Death rates from heart disease, diabetes, stroke, and related disorders have been decreasing for decades, but recently, those rates have slowed or stalled.
“At best, progress has slowed to a halt, and, at worst, our rates of cardiovascular disease are going up,” said Steven Nissen, chief academic officer for the Heart and Vascular Institute at Cleveland Clinic. And the cause, almost everyone agrees, is the obesity epidemic and all of its consequences.
More than 93 million adults and nearly 14 million children and adolescents in the United States are considered to be obese—a number that has been climbing for decades, according to the Centers for Disease Control and Prevention.
Researchers analyzed death records from 1999 to 2017 from the CDC and found a measurable shift in the past decade. The decline in mortality rates from heart disease has slowed, the decline in mortality rates from stroke and diabetes has plateaued, and there has been an increase in mortality from hypertension-related problems, such as kidney disease.
The research also showed that the disparities between black and white Americans have persisted, with black Americans at a greater risk of death from these diseases. The CDC released data in 2018 showing that the heart disease death rate has been decreasing about 2.4% per year among white people and 2.2% per year among black people over the past 50 years.

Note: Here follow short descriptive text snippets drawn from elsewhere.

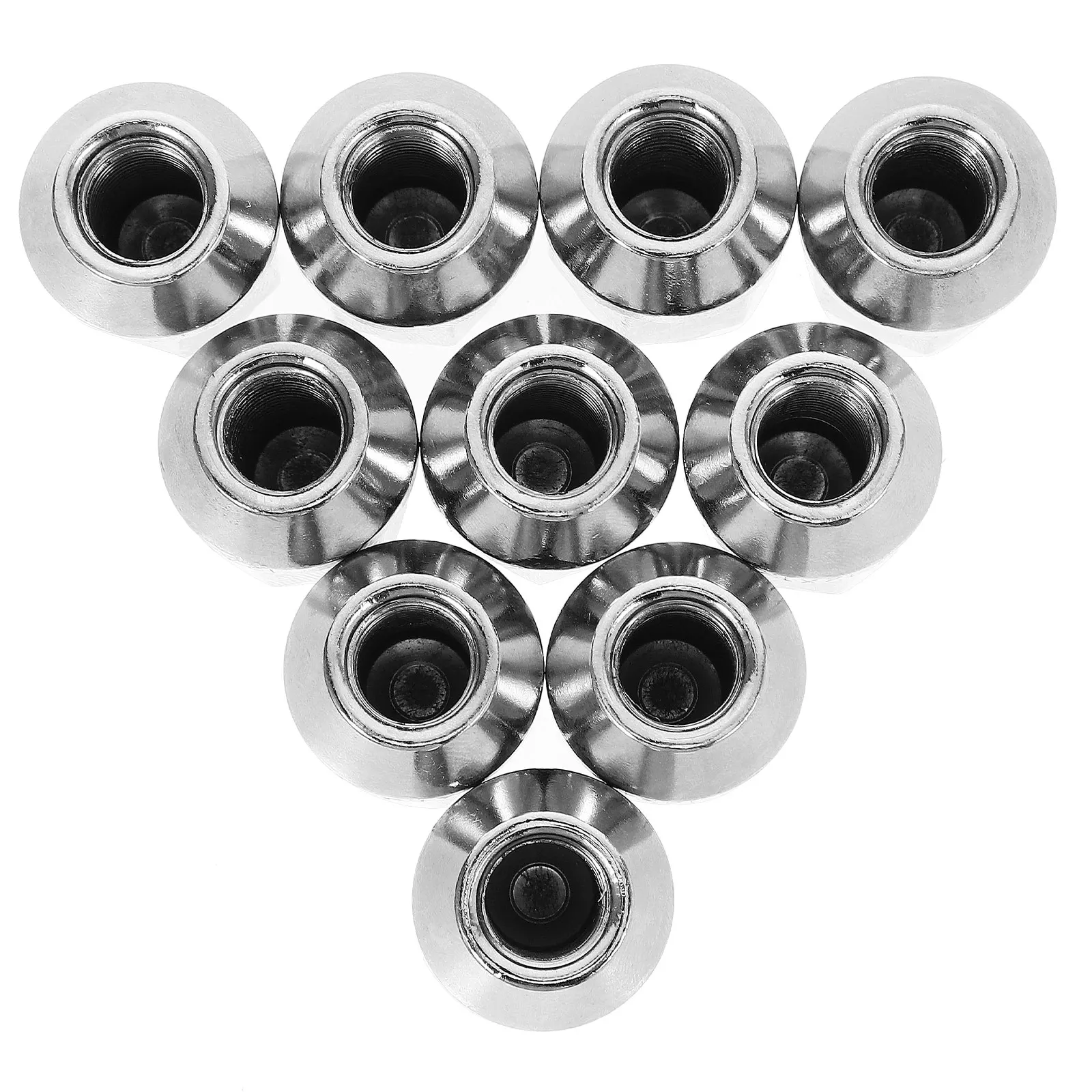 10pcs Lug Nuts Wheel Locking Bolts M12x1.5x35x21 Chrome Plated Fit Cars Trucks Universal Secure Reliable Automotive Tire
10pcs Lug Nuts Wheel Locking Bolts M12x1.5x35x21 Chrome Plated Fit Cars Trucks Universal Secure Reliable Automotive Tire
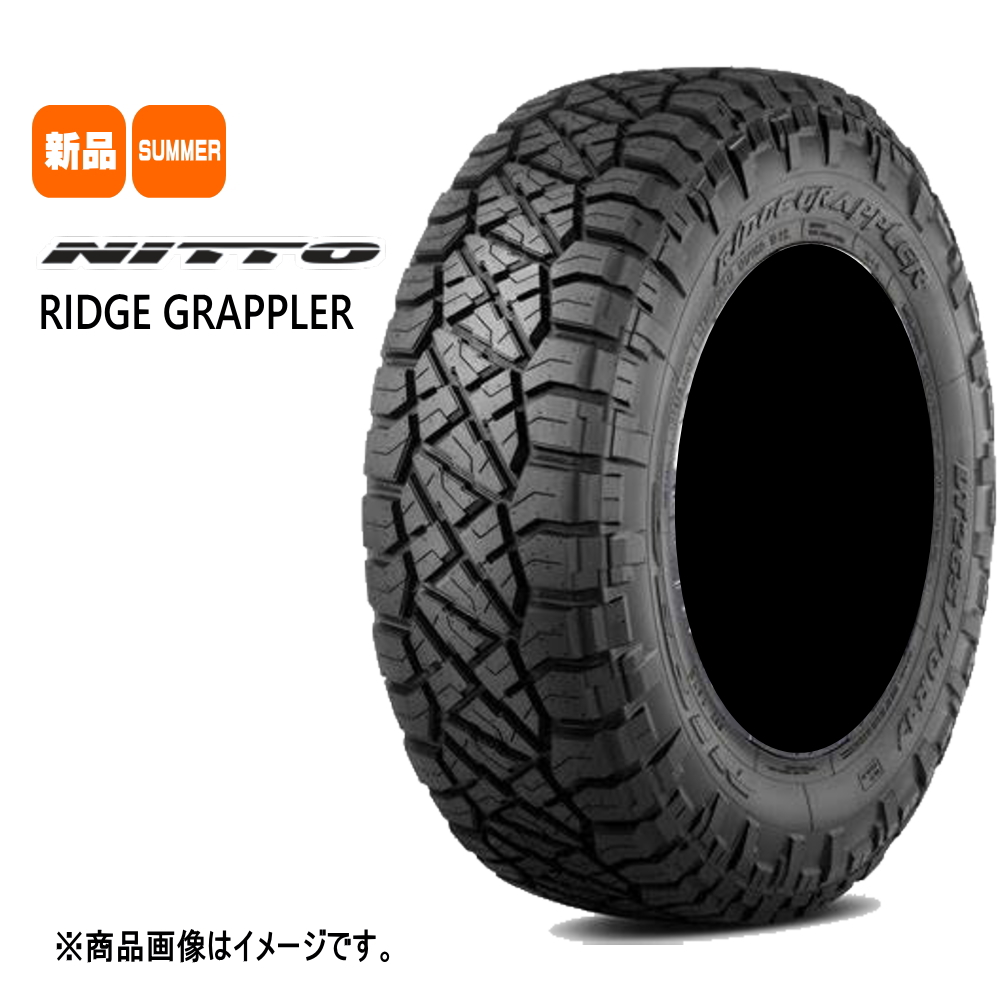 NITTO ニットータイヤ RIDGE GRAPPLER 265/65R17 夏タイヤ BISON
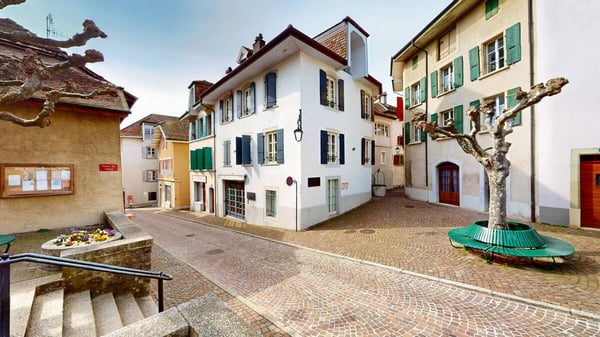 Magnifique loft à louer 11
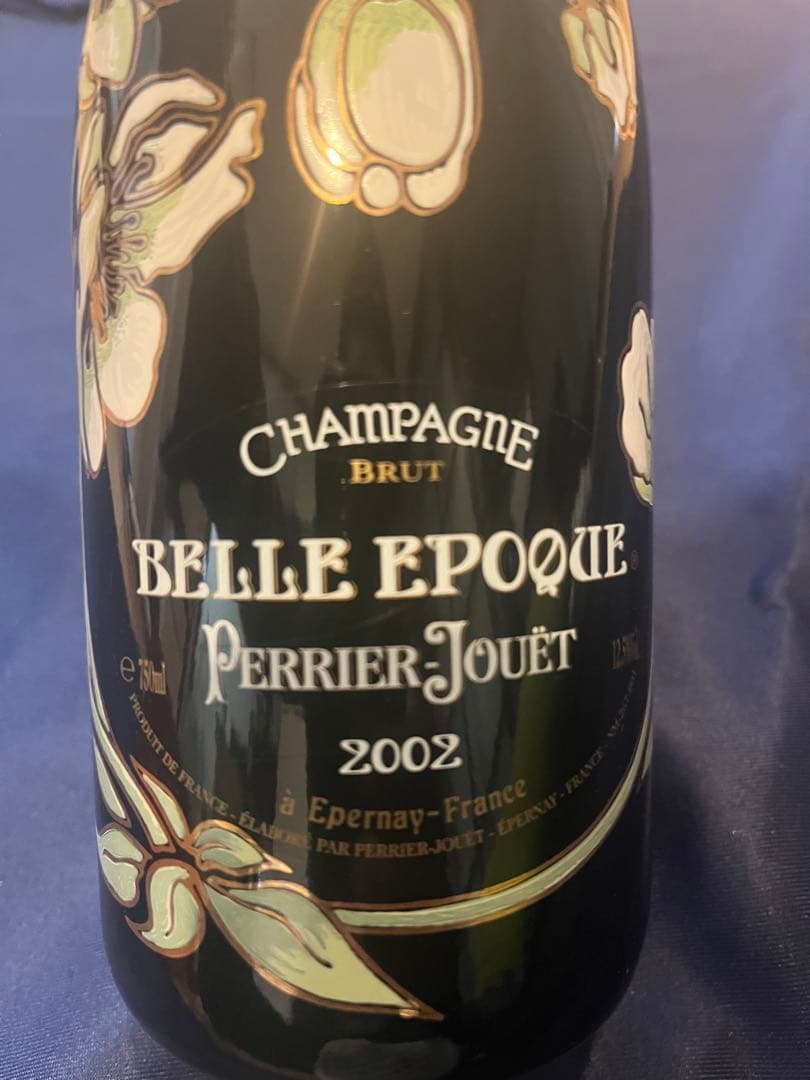 ★新品未開封★ Perrier-Jouët Belle Epoque 2002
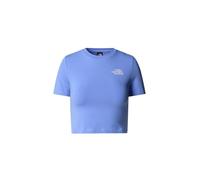The North Face W S/S Essential Cropped Slim Tee T-Shirt Femme (Lot de 1)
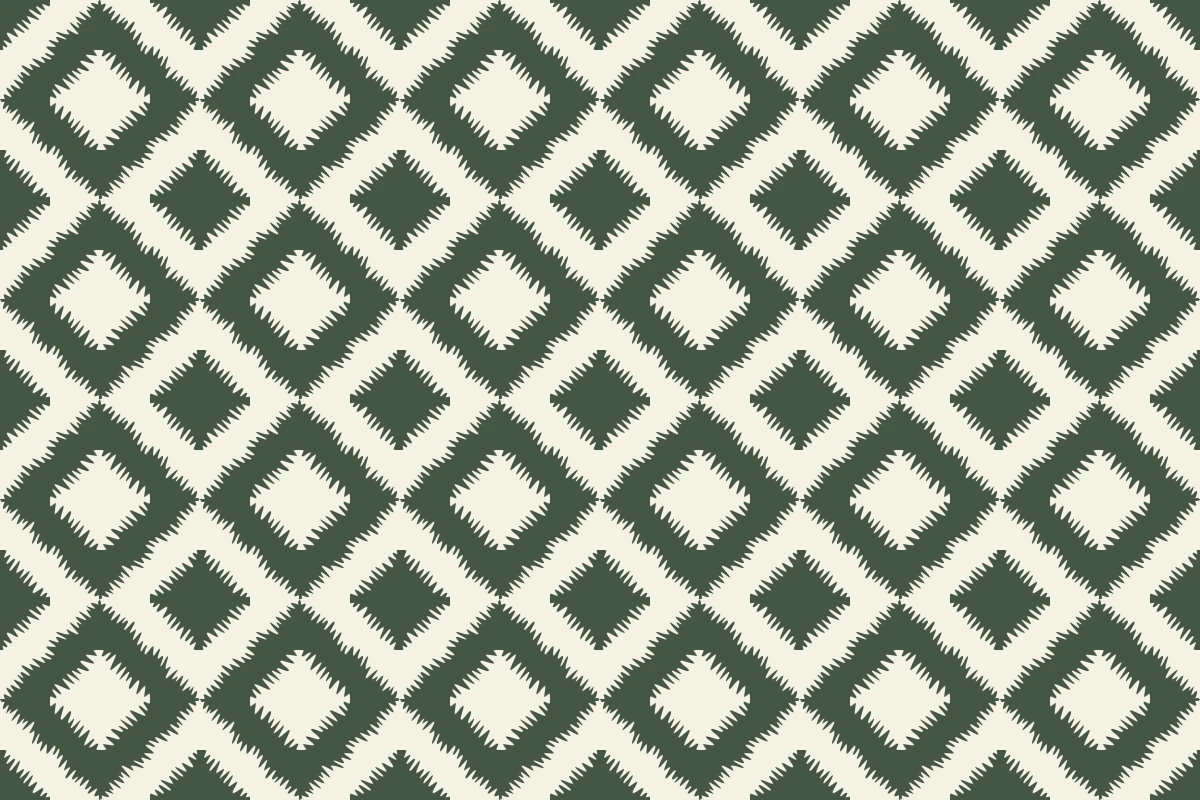 Complete repeated pattern for Filo handcrafted cement tile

The researchers were surprised to learn about the lack of “continued progress” despite a steady decline in smoking and ongoing advances in medicine, including diagnostics; new drugs to treat high cholesterol, high blood pressure, and diabetes; and surgical techniques.
Health experts agree that a key component in addressing the problem is early intervention, encouraging exercise and healthy eating habits in children, and discouraging risky behaviors such as smoking. Nissen, said that, particularly regarding obesity, “we have got to attack this problem before it gets to the point where people are really obese and are in trouble. Because once people have developed severe obesity, reversing that is very difficult.”